Bill Coates's remarkable skills, which were brilliantly harnessed and further developed by Bragg's successor, George Porter, and by the numerous creative scientists with whom he interacted at discourses, were recognised by the Clothworkers' Company who, conscious of the importance of conveying scientific advances to a lay audience, generously provided funds to establish at the RI the post of Clothworkers' Lecturer and Lectures Superintendent of which Coates was the first occupant. Nine years ago Coates gave a memorable account (with Porter acting as amanuensis) of his experiences and exasperations in performing 'live' at Friday Evening Discourses and in his early appearances on television. (He was sometimes called in as an expert by Raymond Baxter and Esther Rantzen.) He was involved in producing several Open University foundation courses, particularly fine examples being on the discovery of elements of the Periodic Table, and on photochemistry and solar energy.

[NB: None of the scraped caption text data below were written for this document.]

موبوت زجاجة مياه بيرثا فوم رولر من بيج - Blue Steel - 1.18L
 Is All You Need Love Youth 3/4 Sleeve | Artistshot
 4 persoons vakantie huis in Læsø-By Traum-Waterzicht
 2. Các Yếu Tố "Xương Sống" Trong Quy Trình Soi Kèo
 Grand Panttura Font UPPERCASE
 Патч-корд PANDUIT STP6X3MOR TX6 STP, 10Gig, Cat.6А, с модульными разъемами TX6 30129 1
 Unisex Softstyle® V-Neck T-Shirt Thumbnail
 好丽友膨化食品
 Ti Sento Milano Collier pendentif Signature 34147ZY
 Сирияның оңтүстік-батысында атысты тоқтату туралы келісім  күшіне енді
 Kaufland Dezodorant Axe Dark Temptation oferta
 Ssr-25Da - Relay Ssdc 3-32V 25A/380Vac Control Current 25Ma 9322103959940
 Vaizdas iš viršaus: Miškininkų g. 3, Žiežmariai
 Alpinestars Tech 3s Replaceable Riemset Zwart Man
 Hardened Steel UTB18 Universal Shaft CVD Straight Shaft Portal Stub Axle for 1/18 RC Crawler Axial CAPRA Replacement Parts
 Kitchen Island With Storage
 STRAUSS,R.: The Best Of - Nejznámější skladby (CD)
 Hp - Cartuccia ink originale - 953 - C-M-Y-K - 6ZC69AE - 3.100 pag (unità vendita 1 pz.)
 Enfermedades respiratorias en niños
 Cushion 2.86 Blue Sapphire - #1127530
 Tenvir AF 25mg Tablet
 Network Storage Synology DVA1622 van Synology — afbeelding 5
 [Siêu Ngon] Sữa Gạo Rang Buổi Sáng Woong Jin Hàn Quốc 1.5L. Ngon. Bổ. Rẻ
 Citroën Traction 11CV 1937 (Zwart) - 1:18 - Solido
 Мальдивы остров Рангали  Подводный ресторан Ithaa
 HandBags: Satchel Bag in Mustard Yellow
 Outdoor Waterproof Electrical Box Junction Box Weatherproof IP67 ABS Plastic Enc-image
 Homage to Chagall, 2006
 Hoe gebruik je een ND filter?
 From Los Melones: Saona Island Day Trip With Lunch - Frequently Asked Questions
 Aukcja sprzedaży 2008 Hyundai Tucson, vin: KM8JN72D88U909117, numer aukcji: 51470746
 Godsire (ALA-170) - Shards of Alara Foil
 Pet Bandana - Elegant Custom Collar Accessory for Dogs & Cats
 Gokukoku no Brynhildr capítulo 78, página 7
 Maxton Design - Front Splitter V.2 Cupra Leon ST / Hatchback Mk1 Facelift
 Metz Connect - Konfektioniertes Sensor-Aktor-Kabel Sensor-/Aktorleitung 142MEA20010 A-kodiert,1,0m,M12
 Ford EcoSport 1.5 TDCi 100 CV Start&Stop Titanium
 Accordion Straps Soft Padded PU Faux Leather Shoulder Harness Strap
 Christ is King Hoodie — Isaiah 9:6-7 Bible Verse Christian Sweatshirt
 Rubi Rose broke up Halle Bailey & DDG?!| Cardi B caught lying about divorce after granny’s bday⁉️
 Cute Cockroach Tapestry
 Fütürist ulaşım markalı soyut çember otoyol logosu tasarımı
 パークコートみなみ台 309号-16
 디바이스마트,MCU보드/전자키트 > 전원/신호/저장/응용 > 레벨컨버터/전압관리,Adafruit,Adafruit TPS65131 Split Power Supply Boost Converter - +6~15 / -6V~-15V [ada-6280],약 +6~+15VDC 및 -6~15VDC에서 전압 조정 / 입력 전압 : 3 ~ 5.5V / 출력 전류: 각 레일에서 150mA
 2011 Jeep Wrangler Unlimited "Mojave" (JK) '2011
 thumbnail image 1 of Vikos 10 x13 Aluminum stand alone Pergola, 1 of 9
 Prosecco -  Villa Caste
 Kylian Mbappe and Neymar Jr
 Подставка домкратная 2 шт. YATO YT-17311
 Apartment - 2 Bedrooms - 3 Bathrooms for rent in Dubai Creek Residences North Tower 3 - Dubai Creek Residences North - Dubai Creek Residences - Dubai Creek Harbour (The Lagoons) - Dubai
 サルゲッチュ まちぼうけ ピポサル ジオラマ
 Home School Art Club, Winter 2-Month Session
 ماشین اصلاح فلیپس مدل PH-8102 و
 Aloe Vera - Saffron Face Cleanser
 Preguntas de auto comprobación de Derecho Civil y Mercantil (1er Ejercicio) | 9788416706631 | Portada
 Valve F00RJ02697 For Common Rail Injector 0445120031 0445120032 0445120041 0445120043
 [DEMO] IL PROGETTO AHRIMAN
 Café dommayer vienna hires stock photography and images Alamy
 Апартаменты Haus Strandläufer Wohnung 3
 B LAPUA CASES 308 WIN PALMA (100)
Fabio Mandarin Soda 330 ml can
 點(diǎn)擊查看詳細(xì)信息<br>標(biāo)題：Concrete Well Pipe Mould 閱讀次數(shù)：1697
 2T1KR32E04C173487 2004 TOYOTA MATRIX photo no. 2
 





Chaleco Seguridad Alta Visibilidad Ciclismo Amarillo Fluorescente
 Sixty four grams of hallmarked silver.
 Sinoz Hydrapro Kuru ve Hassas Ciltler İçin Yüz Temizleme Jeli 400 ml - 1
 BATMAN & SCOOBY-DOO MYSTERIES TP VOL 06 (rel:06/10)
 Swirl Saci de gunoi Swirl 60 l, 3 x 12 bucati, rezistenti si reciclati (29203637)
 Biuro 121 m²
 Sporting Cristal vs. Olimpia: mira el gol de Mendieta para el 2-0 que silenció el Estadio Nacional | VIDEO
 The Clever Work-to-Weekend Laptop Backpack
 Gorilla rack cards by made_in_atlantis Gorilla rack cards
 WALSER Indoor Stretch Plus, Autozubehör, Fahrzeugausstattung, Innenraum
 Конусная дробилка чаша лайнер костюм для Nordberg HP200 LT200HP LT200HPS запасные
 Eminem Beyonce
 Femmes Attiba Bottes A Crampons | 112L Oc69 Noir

Coates had a great fund of stories, encompassing his days as a parachutist, near-misses while handling circuits carrying hundreds of amps, temperamental X-ray sources or capriciously explosive gas mixtures. But the one that used to bring him out in a sweat was his recollection of the occasion in 1965 when a glittering array of Nobel Laureates came to the RI to celebrated the 50th anniversary of Bragg's Nobel prize. Bragg's (gold) Nobel medal was on display in the library. But in the preparation of the exhibits Coates had laid down the medal on a drop of mercury and so it gained an unsightly stain. The bullion merchants Johnson-Matthey were hurriedly contacted by phone; and they prescribed the exact temperature of the heat-treatment required to drive off the mercury. Coates claimed that he lost several years of his life before the medal emerged in its pristine glory from the oven. 'I never told Sir Lawrence what had happened.'
Even though he retired officially from his regular post at the RI in November 1986, he never ceased to serve and entertain the young. His skills were especially appreciated by Professor Charles Taylor, whose unique exploration of the relationship between science and music could be raised to a high pitch by Coates. He also assisted the Schools Liaison team at Imperial College, where, from 1989, he served as consultant. Coates, with his engaging cock-robin demeanour and 'can do' approach, always exuding vitality and irrepressible enthusiasm, was himself a popular lecturer, particularly with teachers and schoolchildren. He was also an authority on the way in which Faraday carried out lecture demonstrations, as I was to appreciate when he helped me three years ago to re-enact Faraday's famous lecture-experiments on platinum first given at the RI in 1861.
The RI will never be quite the same without Bill Coates.
William A. Coates, technician: born London 7 November 1919; Clothworkers' Lecturer and Lectures Superintendent, Royal Institution 1948- 86; MBE 1980; died 7 October 1993.